Information given:
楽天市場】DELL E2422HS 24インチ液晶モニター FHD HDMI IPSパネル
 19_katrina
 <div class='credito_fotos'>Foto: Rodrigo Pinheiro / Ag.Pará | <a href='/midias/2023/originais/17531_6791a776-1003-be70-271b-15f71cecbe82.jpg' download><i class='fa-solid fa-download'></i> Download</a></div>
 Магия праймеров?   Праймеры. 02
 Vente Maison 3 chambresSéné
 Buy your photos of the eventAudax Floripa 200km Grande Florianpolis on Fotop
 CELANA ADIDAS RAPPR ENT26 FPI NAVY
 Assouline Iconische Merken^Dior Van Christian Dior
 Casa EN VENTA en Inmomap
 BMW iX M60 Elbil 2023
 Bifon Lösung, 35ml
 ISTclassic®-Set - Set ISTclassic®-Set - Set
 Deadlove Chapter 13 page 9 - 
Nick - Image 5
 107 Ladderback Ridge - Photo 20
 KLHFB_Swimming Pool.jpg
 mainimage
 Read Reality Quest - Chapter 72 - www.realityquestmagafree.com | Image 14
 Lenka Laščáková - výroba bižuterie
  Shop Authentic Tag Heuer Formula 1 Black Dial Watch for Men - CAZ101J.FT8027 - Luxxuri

Instructions for the task:
No line before the one with "Casa EN VENTA en Inmomap" belongs in the answer; copy that line and the rest of the records exactly.

Output for this task:
 Casa EN VENTA en Inmomap
 BMW iX M60 Elbil 2023
 Bifon Lösung, 35ml
 ISTclassic®-Set - Set ISTclassic®-Set - Set
 Deadlove Chapter 13 page 9 - 
Nick - Image 5
 107 Ladderback Ridge - Photo 20
 KLHFB_Swimming Pool.jpg
 mainimage
 Read Reality Quest - Chapter 72 - www.realityquestmagafree.com | Image 14
 Lenka Laščáková - výroba bižuterie
  Shop Authentic Tag Heuer Formula 1 Black Dial Watch for Men - CAZ101J.FT8027 - Luxxuri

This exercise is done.